__TASK STATEMENT__. Starting at the line that contains "SHEIN 2pcs Young", print each line exactly through the end of the listing. Skip any pictures and add nothing.

__PROVIDED DATA__.
==============================

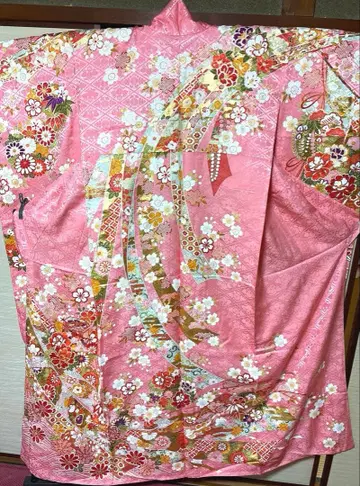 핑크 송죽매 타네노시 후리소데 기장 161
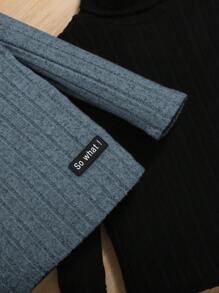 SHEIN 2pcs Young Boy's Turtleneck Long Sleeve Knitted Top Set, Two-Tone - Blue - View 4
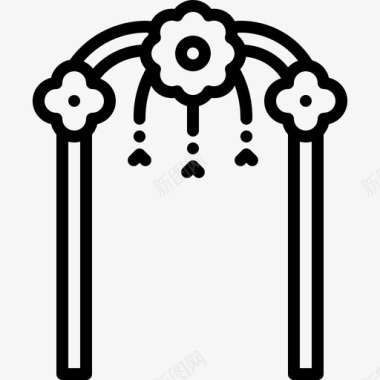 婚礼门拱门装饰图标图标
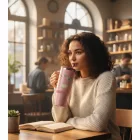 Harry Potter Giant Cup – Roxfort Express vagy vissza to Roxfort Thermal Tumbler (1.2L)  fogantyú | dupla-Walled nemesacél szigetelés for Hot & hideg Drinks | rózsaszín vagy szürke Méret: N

==============================

__WRITTEN ANSWER__.
 SHEIN 2pcs Young Boy's Turtleneck Long Sleeve Knitted Top Set, Two-Tone - Blue - View 4
 婚礼门拱门装饰图标图标
 Harry Potter Giant Cup – Roxfort Express vagy vissza to Roxfort Thermal Tumbler (1.2L)  fogantyú | dupla-Walled nemesacél szigetelés for Hot & hideg Drinks | rózsaszín vagy szürke Méret: N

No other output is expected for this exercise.